# Drying off a golden... What is the best method?



## RickGibbs

We put one towel on the ground, then use two or three towels to hand dry Samson (and now Cosmo) as good as we can... Yeah, they're still pretty damp when we're done, but they are dry enough to run around the house, without drenching everything.

We make sure they get to go out to the bathroom, because I don't want to let them out in the cold air when they are that wet.

A couple times, my wife used a hair dryer on Samson....but she gave that up because of the time involved.


----------



## vrocco1

The K9 Blower/Dryer is the absolute best:








The Orange Metro does great also, and does not require you to re-wire the place:


----------



## Brandy's Mom

We have the K9 blower and it does dry our two quickly. But we still use 2-3 towels.


----------



## kjp502

I've tried using a blow dryer on Jorji, but she doesn't like it, so I gave up. It's usually alot of towels and several hours until she's really dry.


----------



## Baileysmom

I use several towels and my old hairdryer.


----------



## Bizzimomx2

We use a leaf blower, it's powerful and it not only blows them dry, but all the loose hair and dander are gone too. Great for a quick clean up to get the "dust" out, especially after they have rolled in the dirt.


----------



## Katiesmommy

My husband and I plan on using a hair dryer. Reminds me I still need to go out and buy one.


----------



## Prov31

We use the Metro Orange, like vrocco1 posted a picture of. It is awesome. We have a complete grooming set up with a grooming table, etc. I brush Brinkley every day, do nails once a week, and give a bath with very gentle shampoo, every other week. A regular hair dryer will take forever to dry anything but a young pup.
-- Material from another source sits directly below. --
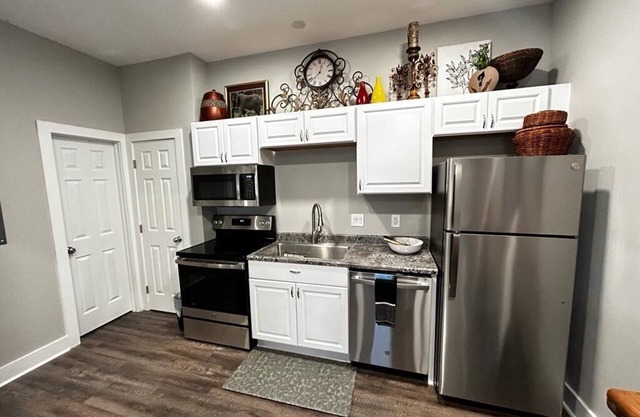 Charming and cozy one-bedroom suite with a full kitchen and a free parking spot.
I was surprised how quickly we needed to find a long-term solution. 

If you do use a human hair dryer, please be very careful, as they get too hot for the pups. The commercial pet dryers don't heat up like a human dryer. They rely on strong air flow to blow the water right off, if that makes sense. It only takes 15-20 minutes to get our dog almost completely dry. He's been used to it since he was little, so he doesn't mind it at all. And you still do need lots of towels too!


----------



## Lexie's Mom

i use the air LOL towel dry as much as possible then they get the zoomies. LOL


----------



## Dog

Blower dryer, leaf blower... Aren't these things very lound? 
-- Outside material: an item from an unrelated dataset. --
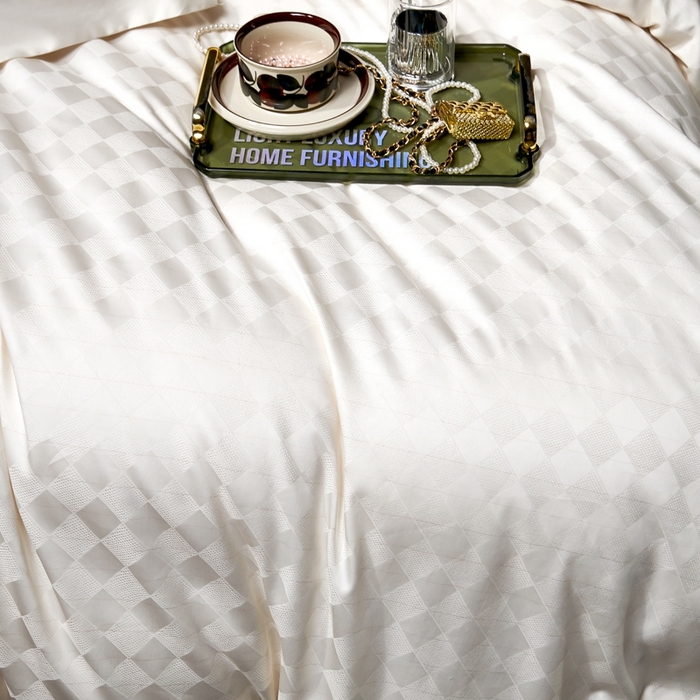 91家纺网 家纺一手货源 找家纺 U品汇 2024新款100支长绒棉提花四件套 斐乐-奶油白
We tried Amber once with a standard hair dryer (lowest setting) she simply hated the noise. So we stopped. After bath we lay her on a bed sheet on the floor and we spend 20mins. tops drying her with 1-2 towels depending how patient she is. We usually let her run around the house to dry off by herself before letting her out. 
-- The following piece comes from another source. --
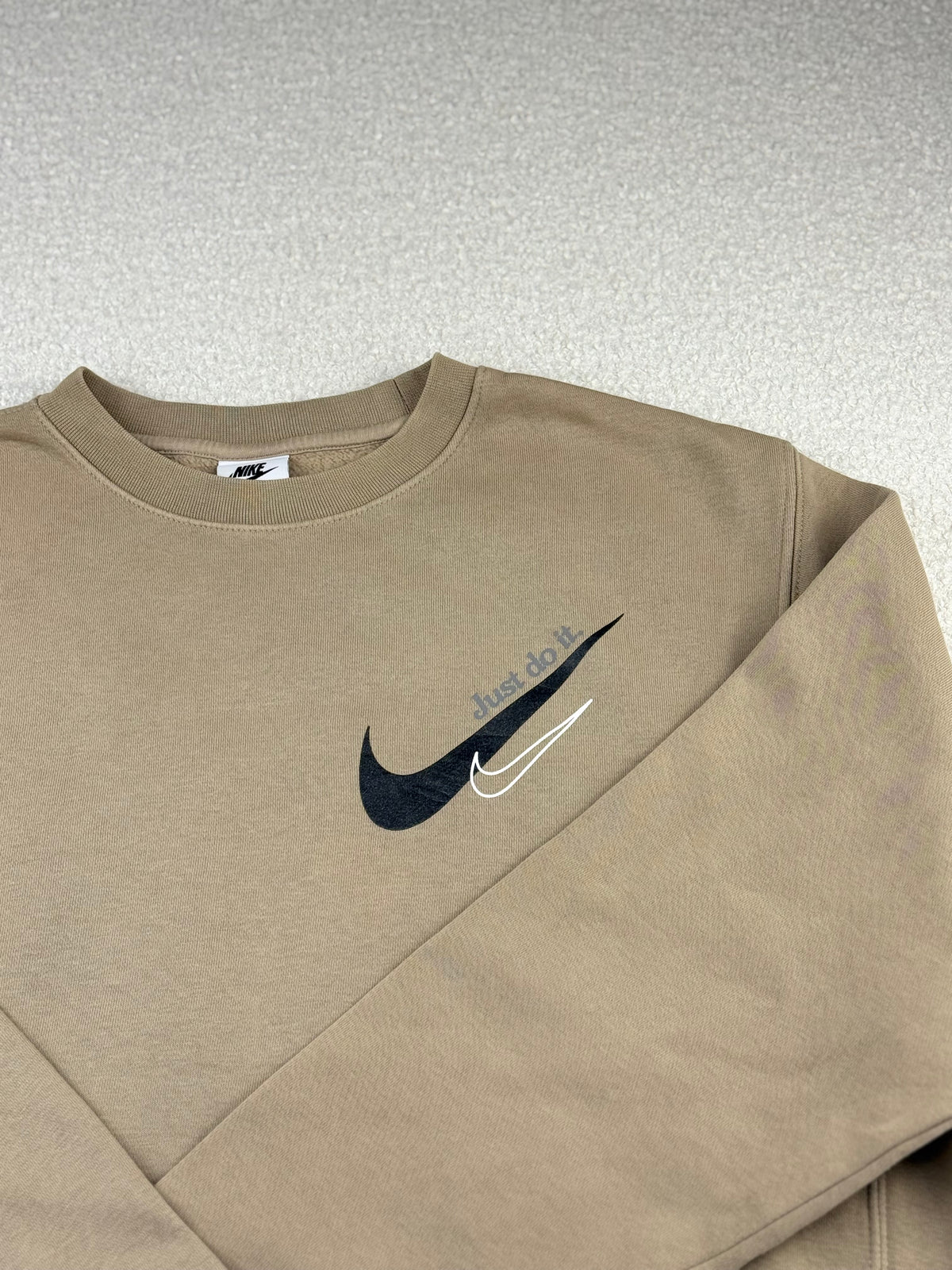 Vintage Nike Swoosh Logo Sweatshirt | C:50 L:27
She doesn't mind the vacuum cleaner noise so I don't understand it but then again we do not point the vacuum at her!! 

I'll wait and see if there are more positive replies about the blower dryers and we might consider giving it a go (I wish I could keep giving her a bath once a month but I do worry about winter. Don't want her to catch a chill).

Very useful post (I never thought of asking). Thank you.


----------



## Blondie'sPal

I spread out an old comforter in front of the sliding doors and a pile of towels on wet days, and when Blondie comes in she knows to sit there until I have dried her off. She will even hand me one paw at a time! Then she can't resist starting a tug of war game with me! Some days I can't stop her in time either and she's just so happy that she makes a big mess -- but I do the best I can to keep my almost white carpets looking clean. I am thinking about going to hard wood floors there by the door.


----------



## Prov31

Hi Shirley,

The dryers can be loud, but we started using it when Brinkley was young to help him get used to it. He will be a therapy dog some day, which requires frequent baths and drying. We have freezing cold weather half of the year, and also wanted him to be warm and dry.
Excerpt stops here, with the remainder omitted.